The Color of the Sky

Sierra Nevada College

Incline Village, NV

2018

 

Exhibition Statement

Amanda Salov is an artist whose work examines the qualities of a moment, or the idea of a moment in physical form: temporal, fragile and fleeting. These moments are plastic, sometimes they seem to stretch translucent thin, changing in strength and quality. 

Filters must be applied to sort through all of the information that one encounters and attention drifts to what remains. Filters come in many forms and in the case of the recent series “Peaks and Valleys,” the filters appear in a slow processing, as each porcelain module is fashioned cell by cell, then mortared together. Peaks and Valleys is a physical manifestation of many things: watching the monitors of a loved one in an ICU room, an enchainment of the successes and failures of research, living in an isolated valley, the work of hanging lace, and a panoramic view of many mountains and valleys. Peaks and Valleys is also an understanding of things by relation; an understanding from everything but the actual thing that needs to be understood. 
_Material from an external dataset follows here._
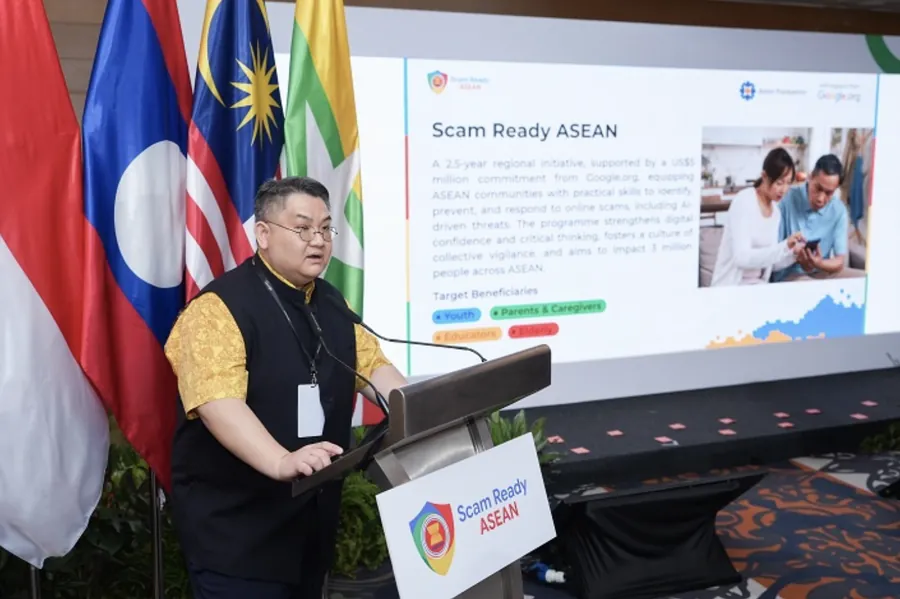 Tiến sĩ Piti Srisangnam, Giám đốc Điều hành Quỹ ASEAN, phát biểu tại lễ ra mắt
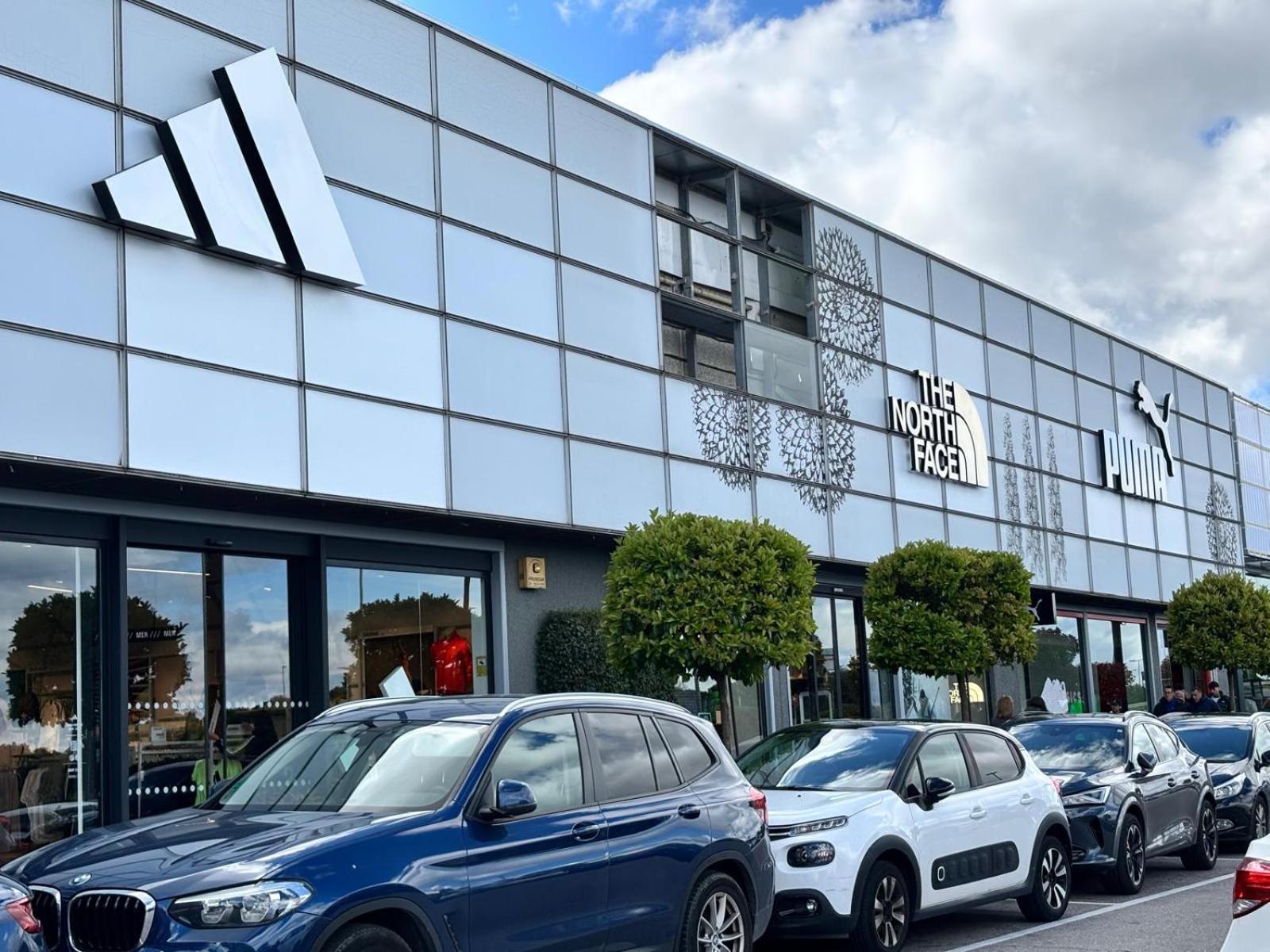 Apartamento Plaza Espana Las Rozas Екстер'єр фото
The Color of the Sky is both literal and metaphorical at times within this work. Color is relative and it is often taken for granted that the color of the sky is blue. When we look into the sky and carefully observe we can see that the colors vary from blue to pink, to orange, to pale grey peach fading into every other color. In this work, Amanda is interested in seeing color from its moment, “I want to touch it, manipulate it, squeeze it into form. I want to let it drift into another color, sometimes slowly. I want to have a physical knowledge of what it means to have color. It is my hope that through these observations, we may remember the task of naming things and not take what we have been told but see things fresh and in our own time.”